What is expected: This exercise calls for retyping every line below exactly, with the images omitted.

Data:
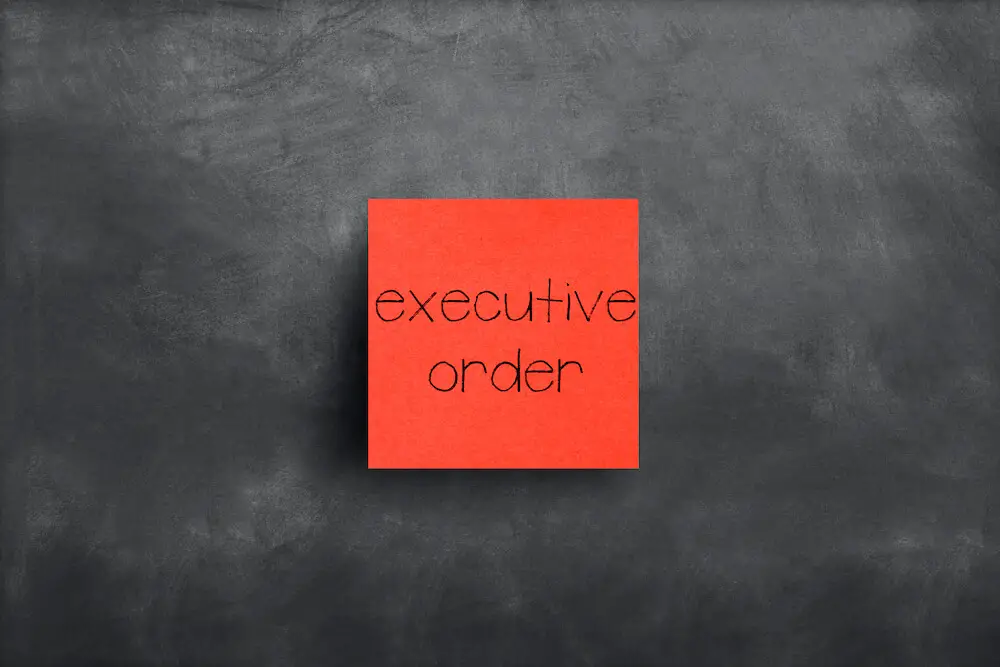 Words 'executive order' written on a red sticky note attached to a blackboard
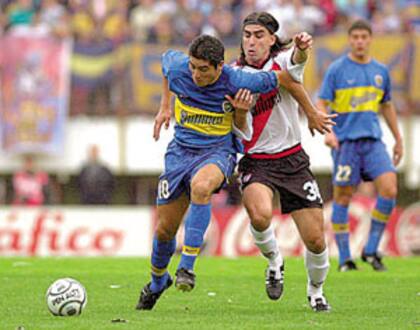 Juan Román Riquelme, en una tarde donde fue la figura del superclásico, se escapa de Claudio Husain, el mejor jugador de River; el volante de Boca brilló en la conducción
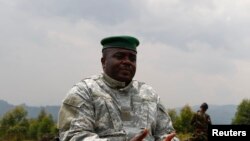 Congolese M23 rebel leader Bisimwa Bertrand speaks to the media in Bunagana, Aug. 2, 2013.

Solution below:
 Words 'executive order' written on a red sticky note attached to a blackboard
 Juan Román Riquelme, en una tarde donde fue la figura del superclásico, se escapa de Claudio Husain, el mejor jugador de River; el volante de Boca brilló en la conducción
 Congolese M23 rebel leader Bisimwa Bertrand speaks to the media in Bunagana, Aug. 2, 2013.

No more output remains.